Une forme larvée d’inquiétude

Les 28 et 29 septembre 2019, Zanzibar s’est réuni à Schiltigheim, Bas-Rhin.
Zanzibar a travaillé suivant les protokools suivants et produit des textes que vous pouvez télécharger ici.
Ce sont des variations astrologiques sur une forme larvée d’inquiétude.
Zanzibar est aussi allé visiter l’hôtel de la rue à la brasserie Grüber.
Protokools
L’univers est né le mardi 7 février.
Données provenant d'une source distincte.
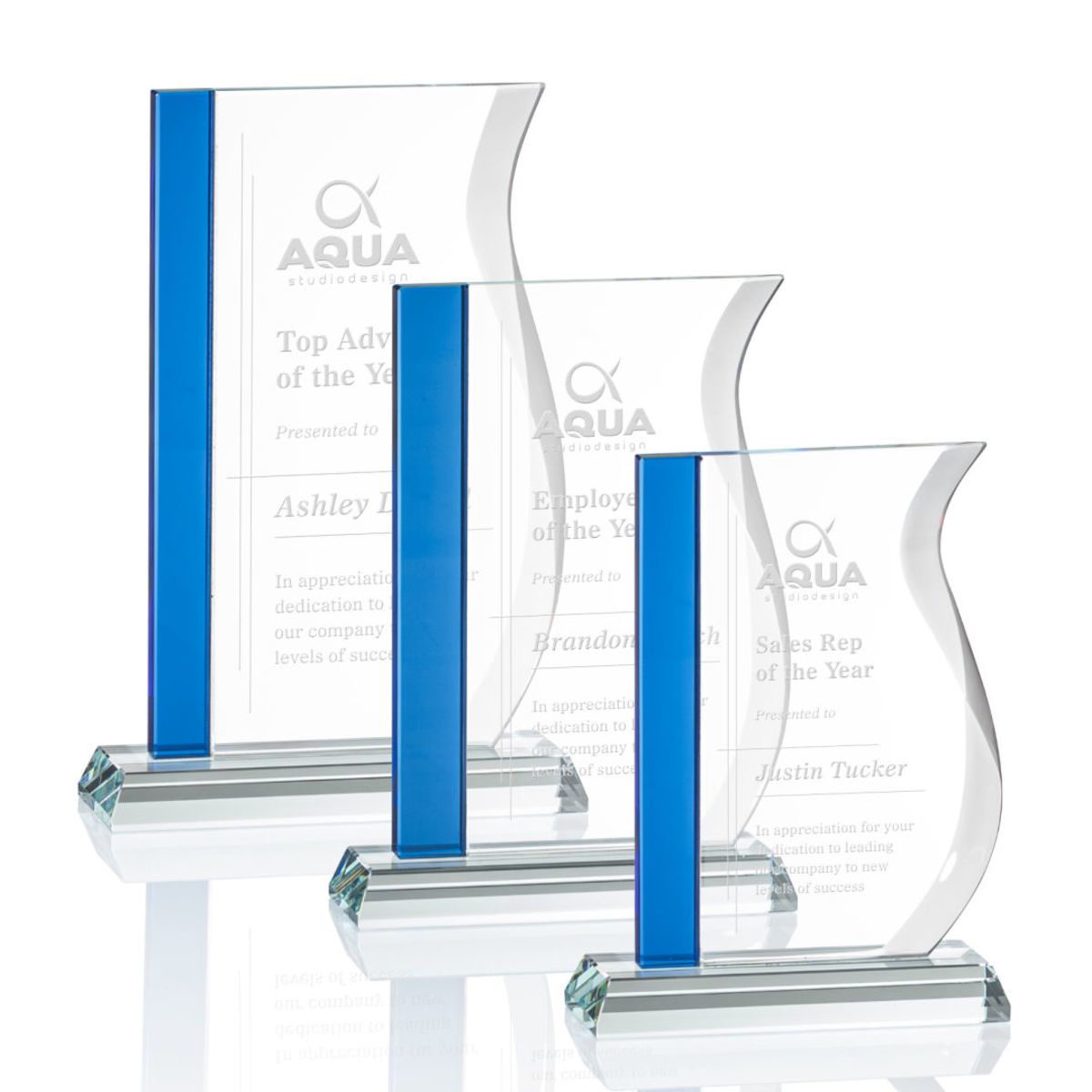 Burbank Award - Blue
Il est verseau.
Horoscope lu dans les Dernières Nouvelles d’Alsace
Travail : votre projet manque de clarté quand aux moyens financiers à vite mettre en œuvre.
Amour : une opportunité de perdue… ne rêvez pas, cette maxime est mensongère.
Santé : grande capacité à récupérer.
Part 1
En 20 minutes, écrire un texte sur le futur qui prenne en compte cet horoscope.
Résumer en une phrase les textes de chacun des autres participants.
Ecrire reprenant les quatre parties.
Part 2
On se rappelle le premier round des obsessions partagées  : et si on recommençait, en flash-fictions ?
luvan bat le rappel sur le zanzimail, chacun des répondants communique trois obsessions, transposées sur papier, jetées dans un chapeau et extraites par un pied innocent.
Chacun dispose de trente minutes pour produire une flash-fiction.